Livepeer is the video layer of the web3 stack. It processes millions of minutes of video a week to applications in production every week. As a blockchain-based protocol that has been live on Ethereum since 2018, the Livepeer Protocol is one of the first web3 networks to deliver real-world value to an existing multi-billion dollar industry. It achieves this through an open-source, blockchain coordinated, p2p network of hardware operators running infrastructure processing video around the world.
What we're looking for
Livepeer Inc, the team behind the Livepeer, is looking for an experienced, self-driven SRE Engineer – someone that loves to automate everything and deliver the best production experiences for end users. He/she is passionate about keeping all user-facing services and livepeer production systems running smoothly. He/she specializes in systems (operating systems, storage subsystems, networking), while implementing best practices for availability, reliability and scalability, with varied interests in algorithms and distributed systems.

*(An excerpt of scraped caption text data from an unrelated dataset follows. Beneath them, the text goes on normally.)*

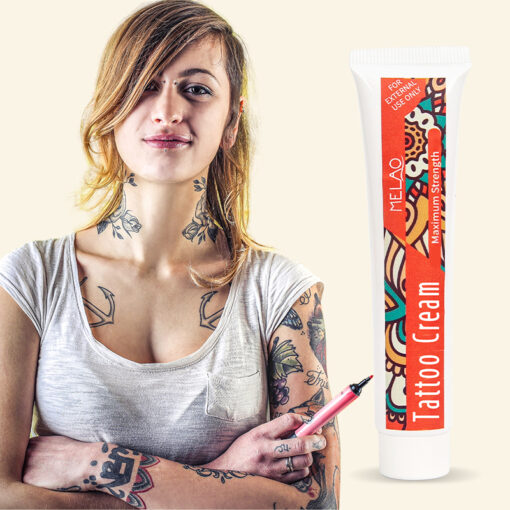 Wholesale Vegan Tattoo Numbing Cream (4)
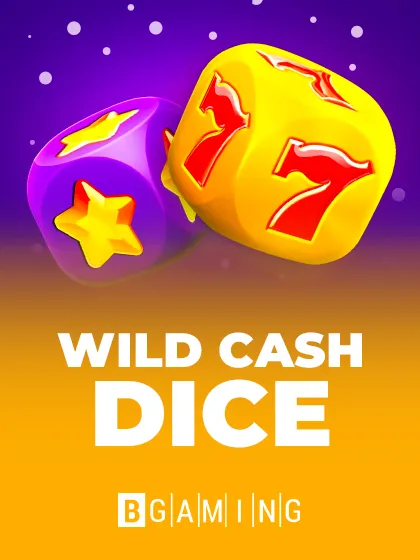 Wild Cash Dice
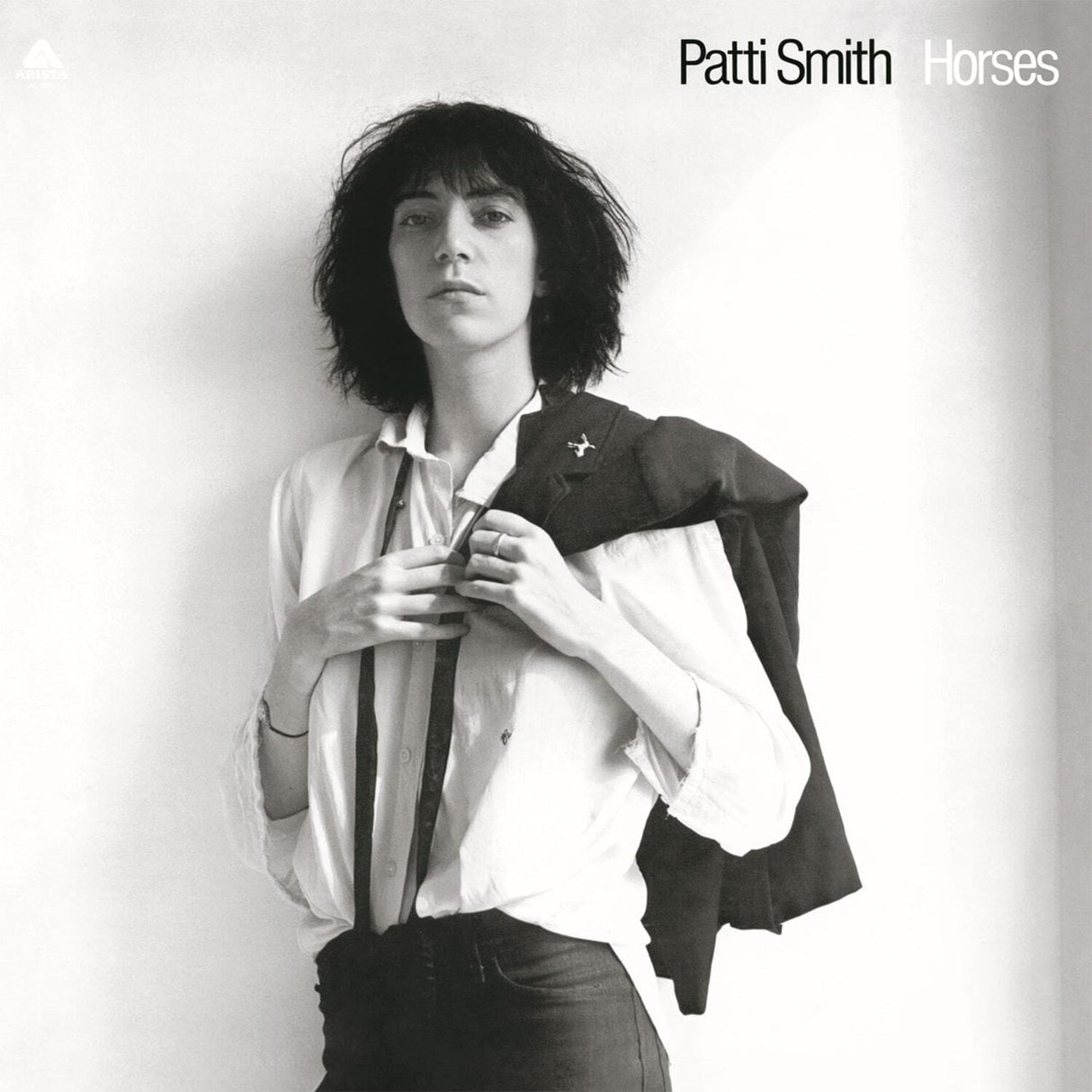 Patti Smith - Horses - Dapple Grey Vinyl (National Album Day 2025)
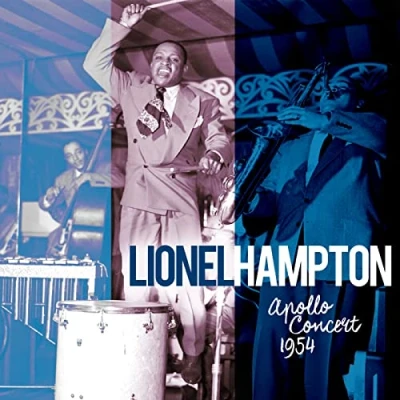Afbeelding van Lionel Hampton Apollo Concert 1954 (LP)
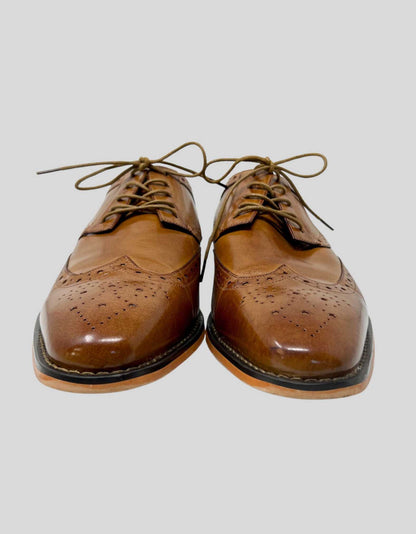 STACY ADAMS TINSLEY Wingtip Oxford - 12 M US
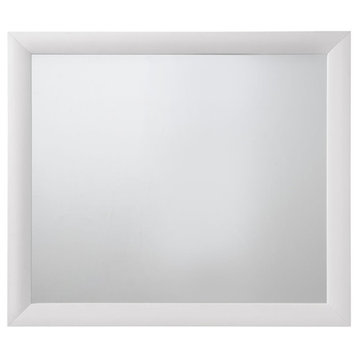 ACME Ireland Mirror in White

We value reliability. We approach the infrastructure with craft and think a lot about form and function. You should feel equally at home talking to developers and designers. We are looking for someone who cares about the reliability of the infrastructure as much as we do. You will ensure the final product is high quality and works as intended.
- Think about systems: edge cases, failure modes, behaviours, specific implementations.
- Know your way around Linux and the Unix Shell.
- Know what is the use of configuration management systems like Chef and Ansible.
- Have strong programming skills: Shell, Python and/or Go.
- Have an urge to collaborate and communicate asynchronously.
- Have an urge to document all the things so you don't need to learn the same thing twice.
- Have an enthusiastic, go-for-it attitude. When you see something broken, you can't help but fix it. Have an urge for delivering quickly and effectively, and iterating fast.
- Have experience with Nginx, HAProxy, Docker, Kubernetes, Terraform, or similar technologies - Ability to use github
- Be on an on-call (PagerDuty) rotation to respond to incidents that impact livepeer availability, and provide support for service engineers with customer incidents.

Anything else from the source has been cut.